TASK MATERIAL START

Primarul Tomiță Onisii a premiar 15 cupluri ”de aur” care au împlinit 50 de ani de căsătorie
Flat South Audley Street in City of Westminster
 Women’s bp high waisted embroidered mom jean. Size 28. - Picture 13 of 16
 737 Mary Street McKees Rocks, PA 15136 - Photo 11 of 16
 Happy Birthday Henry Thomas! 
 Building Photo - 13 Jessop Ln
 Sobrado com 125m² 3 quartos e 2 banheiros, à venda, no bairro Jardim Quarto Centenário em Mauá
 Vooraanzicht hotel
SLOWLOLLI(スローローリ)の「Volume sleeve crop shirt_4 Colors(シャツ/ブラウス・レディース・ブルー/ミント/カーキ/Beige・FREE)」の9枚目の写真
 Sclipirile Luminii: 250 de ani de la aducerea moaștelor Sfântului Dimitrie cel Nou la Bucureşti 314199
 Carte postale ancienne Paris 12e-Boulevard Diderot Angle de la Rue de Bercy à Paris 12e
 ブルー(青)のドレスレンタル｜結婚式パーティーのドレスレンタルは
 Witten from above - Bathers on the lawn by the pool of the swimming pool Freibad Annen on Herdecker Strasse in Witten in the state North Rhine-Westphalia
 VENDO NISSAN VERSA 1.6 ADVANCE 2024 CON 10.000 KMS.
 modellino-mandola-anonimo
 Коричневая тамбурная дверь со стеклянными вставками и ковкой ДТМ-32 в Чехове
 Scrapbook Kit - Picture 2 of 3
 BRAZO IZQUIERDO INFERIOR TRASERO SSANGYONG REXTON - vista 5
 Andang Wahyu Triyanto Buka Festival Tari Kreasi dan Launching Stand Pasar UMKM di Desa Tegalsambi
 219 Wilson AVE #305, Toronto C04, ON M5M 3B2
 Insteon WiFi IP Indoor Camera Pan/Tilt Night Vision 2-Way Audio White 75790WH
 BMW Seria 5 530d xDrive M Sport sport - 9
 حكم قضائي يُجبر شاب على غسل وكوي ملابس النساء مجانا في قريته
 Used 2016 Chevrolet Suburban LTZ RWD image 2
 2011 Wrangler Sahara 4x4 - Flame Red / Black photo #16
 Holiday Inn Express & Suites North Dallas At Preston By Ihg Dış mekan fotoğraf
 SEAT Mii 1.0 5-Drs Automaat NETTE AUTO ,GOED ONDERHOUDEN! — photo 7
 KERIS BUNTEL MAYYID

TASK MATERIAL END

*WHAT YOU SHOULD DO*.
Your answer should be one number: how many lines in the material above contain the string "Street".

*TASK RESULT*.
2